Et la particularité fascinante de ce roman, c'est que le narrateur n'est ni Mawat, ni Eolo, ni même l'un des multiples seconds rôles, comme la fantasy nous le montre depuis des années, voire des décennies. Cette fois-ci, le narrateur est un Dieu, incarné dans une grosse pierre, qui observe cette intrigue d'un oeil franchement intéressé, puisqu'elle est pour ce dieu la conclusion d'une guerre démarrée plus tôt (au moins cent ans, et peut-être plus de mille ans). Evidement, ça n'est pas un narrateur absolument fiable. Non pas qu'il mente sciement, mais il garde pour lui certains aspects de l'histoire, pour des raisons que la conclusion révèle fort bien.
Et pour le coup, le point de vue choisi est absolument stupéfiant.

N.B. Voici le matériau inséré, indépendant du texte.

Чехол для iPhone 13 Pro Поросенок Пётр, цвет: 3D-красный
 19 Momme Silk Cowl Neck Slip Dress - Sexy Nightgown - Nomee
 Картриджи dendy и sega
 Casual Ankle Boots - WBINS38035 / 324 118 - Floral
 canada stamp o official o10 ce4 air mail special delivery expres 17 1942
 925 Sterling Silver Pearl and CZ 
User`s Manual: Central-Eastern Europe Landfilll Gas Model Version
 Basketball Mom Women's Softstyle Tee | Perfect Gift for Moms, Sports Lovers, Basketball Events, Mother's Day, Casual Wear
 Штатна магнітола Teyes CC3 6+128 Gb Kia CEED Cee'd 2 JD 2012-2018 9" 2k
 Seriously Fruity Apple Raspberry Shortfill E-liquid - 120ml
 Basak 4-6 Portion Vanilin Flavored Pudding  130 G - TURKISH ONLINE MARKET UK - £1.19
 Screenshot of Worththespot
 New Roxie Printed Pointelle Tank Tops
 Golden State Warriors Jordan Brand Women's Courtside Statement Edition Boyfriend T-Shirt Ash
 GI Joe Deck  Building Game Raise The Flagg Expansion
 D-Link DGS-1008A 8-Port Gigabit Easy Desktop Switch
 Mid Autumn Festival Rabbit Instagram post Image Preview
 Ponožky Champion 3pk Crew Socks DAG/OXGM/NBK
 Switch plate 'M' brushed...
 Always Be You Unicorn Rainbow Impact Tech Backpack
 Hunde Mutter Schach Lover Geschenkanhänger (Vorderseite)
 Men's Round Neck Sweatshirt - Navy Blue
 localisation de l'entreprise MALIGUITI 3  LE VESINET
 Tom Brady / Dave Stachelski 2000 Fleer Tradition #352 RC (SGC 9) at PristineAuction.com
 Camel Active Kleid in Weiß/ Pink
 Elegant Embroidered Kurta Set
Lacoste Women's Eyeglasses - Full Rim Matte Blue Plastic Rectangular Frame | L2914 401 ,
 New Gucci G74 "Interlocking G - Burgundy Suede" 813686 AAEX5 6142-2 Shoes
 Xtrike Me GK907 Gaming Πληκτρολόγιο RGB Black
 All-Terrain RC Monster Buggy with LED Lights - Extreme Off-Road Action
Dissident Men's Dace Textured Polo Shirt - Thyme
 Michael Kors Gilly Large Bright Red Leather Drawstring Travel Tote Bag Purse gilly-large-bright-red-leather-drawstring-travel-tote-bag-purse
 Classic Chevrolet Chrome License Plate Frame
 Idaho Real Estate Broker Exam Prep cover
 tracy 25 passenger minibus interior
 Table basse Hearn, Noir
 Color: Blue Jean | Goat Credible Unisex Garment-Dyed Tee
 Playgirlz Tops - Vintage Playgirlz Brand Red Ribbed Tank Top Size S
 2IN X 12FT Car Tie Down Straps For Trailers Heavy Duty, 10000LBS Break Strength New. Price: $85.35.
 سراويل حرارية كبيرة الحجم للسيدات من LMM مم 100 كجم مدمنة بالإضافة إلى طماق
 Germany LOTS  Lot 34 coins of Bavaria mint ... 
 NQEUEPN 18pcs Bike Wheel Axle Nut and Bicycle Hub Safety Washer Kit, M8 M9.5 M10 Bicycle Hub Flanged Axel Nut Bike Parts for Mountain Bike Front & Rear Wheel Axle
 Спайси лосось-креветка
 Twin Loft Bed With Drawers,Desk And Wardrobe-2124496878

Parce que ce Dieu nous raconte l'histoire en deux axes narratifs : dans un premier, une histoire au long terme, qui commence quand les crustacés étaient les seuls à peupler l'océan primordial, et qui va doucement nous amener au moment présent, et dans un deuxième le retour de Mawat, qui va précipiter cette conclusion en trois ou quatre journées fort animées. Le premier axe semble parfois un peu abstrait, mais on comprend finalement que tout ce qui a été raconté a un sens très précis. Et dans ce point de vue, on comprend bien pourquoi le narrateur ne connaît pas les états d'esprit d'Eolo, qui apparaît de ce fait comme un enquêteur assez ... introspectif.
D'ailleurs, ce personnage d'Eolo est une vraie réussite : est-ce un homme, une femme ... on ne sait pas. Mais est-ce que c'est important ? Eh bien en fait, non. Et je crois que le petit argument de l'autrice sur le manque d'intérêt du genre d'un personnage ne peut que porter, quand il est présenté comme dans ce récit.
On a donc un narrateur bizarre, un personnage principal dont on ne connaît pas trop les états d'esprit. Ca pourrait rendre le récit abscons, mais ça n'est pas du tout le cas. Chaque élément de cette enquête est clairement présenté, et l'autrice n'a pas besoin d'en faire des tonnes pour qu'on comprenne les implications des différents événements au moins aussi clairement que dans une série d'enquête policière.
On se retrouve donc avec une intrigue bien fichue, des personnages parfaitement lisibles (les gentils sont gentils sans être exempts de défauts, les méchants sont méchants sans cruauté excessive) et un décor exotique sans être incompréhensible. Qu'est-ce qu'il manque pour en faire un chef-d'oeuvre ? Je vais oser le dire, il ne manque rien. Ce roman est une réussite incroyable, dont le retournement de situation final me satisfait au plus haut point. Lisez-le, vous serez sans aucun doute épatés.